(SOURCE DATA Opens)

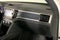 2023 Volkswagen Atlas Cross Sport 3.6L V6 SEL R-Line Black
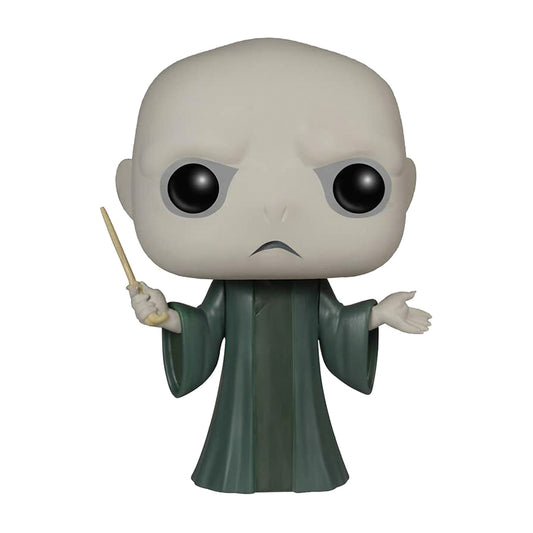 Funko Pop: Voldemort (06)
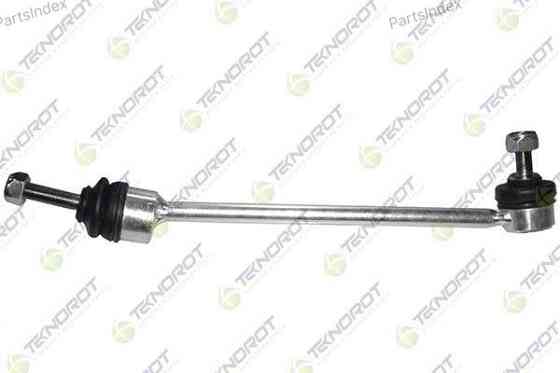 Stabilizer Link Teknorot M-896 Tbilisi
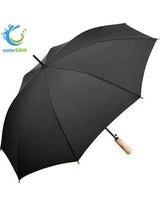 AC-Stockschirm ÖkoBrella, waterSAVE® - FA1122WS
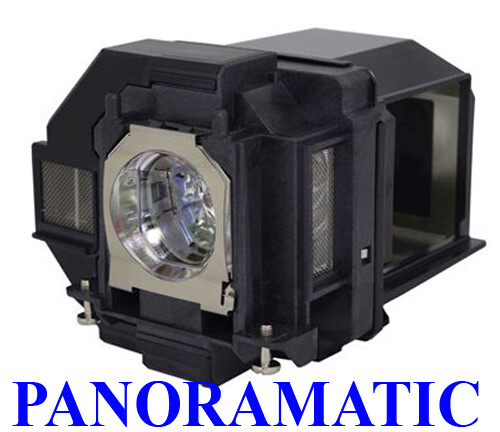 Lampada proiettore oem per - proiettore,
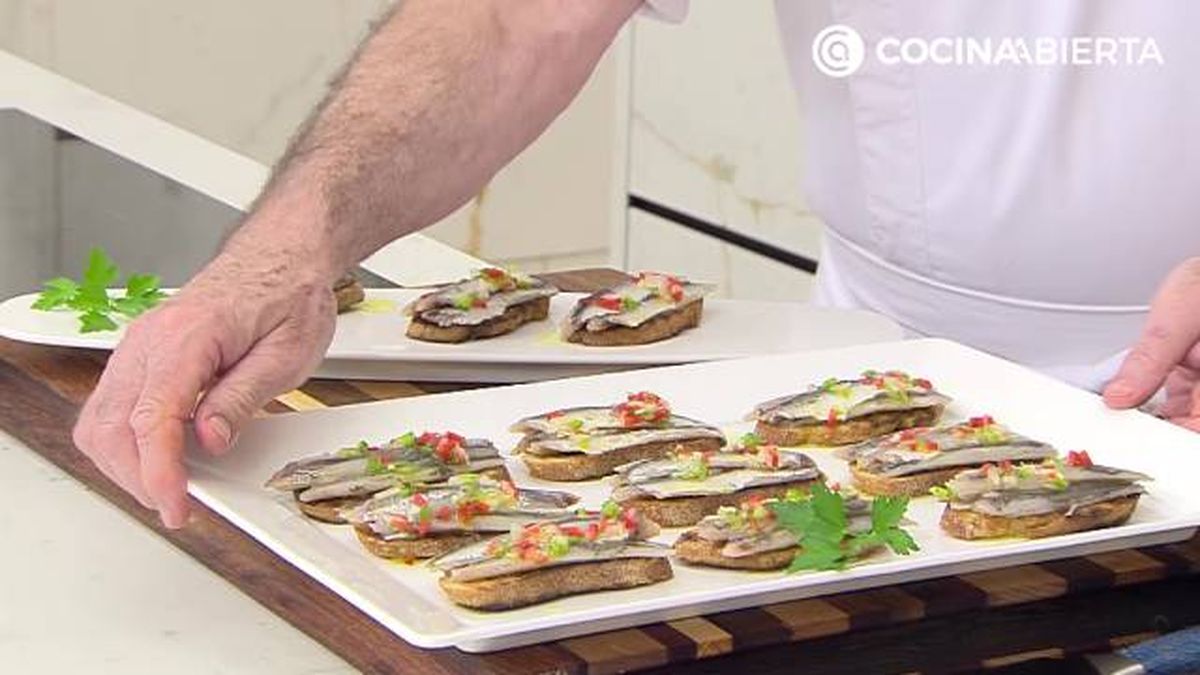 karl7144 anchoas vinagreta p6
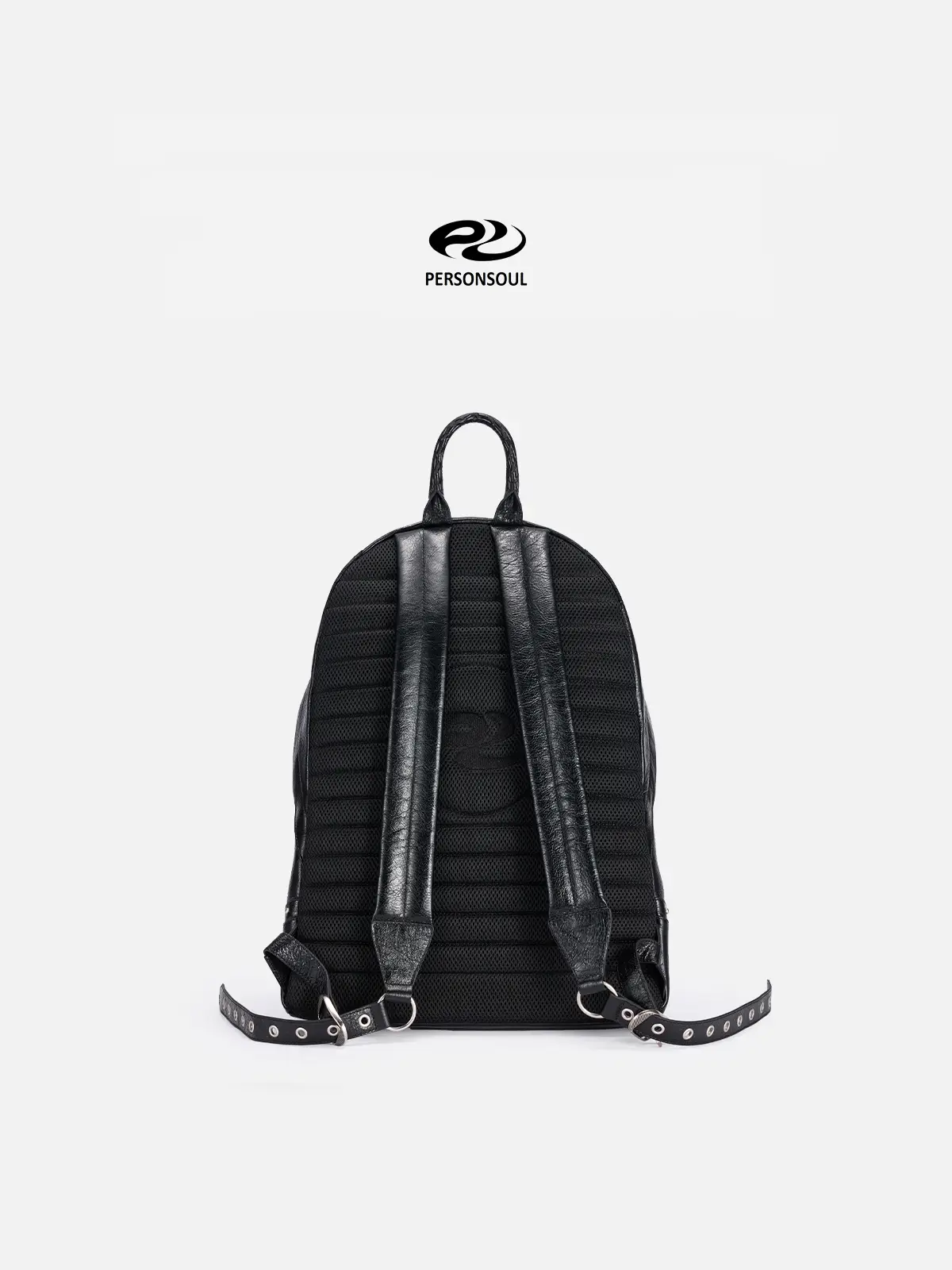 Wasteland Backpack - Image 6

(SOURCE DATA Closes)

__PROBLEM TO SOLVE__:
In the data, the line that contains "Funko Pop: Voldemort (06)" begins the part to write out; restate it and each line after it word for word through the end, with no pictures.

__TASK OUTPUT__:
 Funko Pop: Voldemort (06)
 Stabilizer Link Teknorot M-896 Tbilisi
 AC-Stockschirm ÖkoBrella, waterSAVE® - FA1122WS
 Lampada proiettore oem per - proiettore,
 karl7144 anchoas vinagreta p6
 Wasteland Backpack - Image 6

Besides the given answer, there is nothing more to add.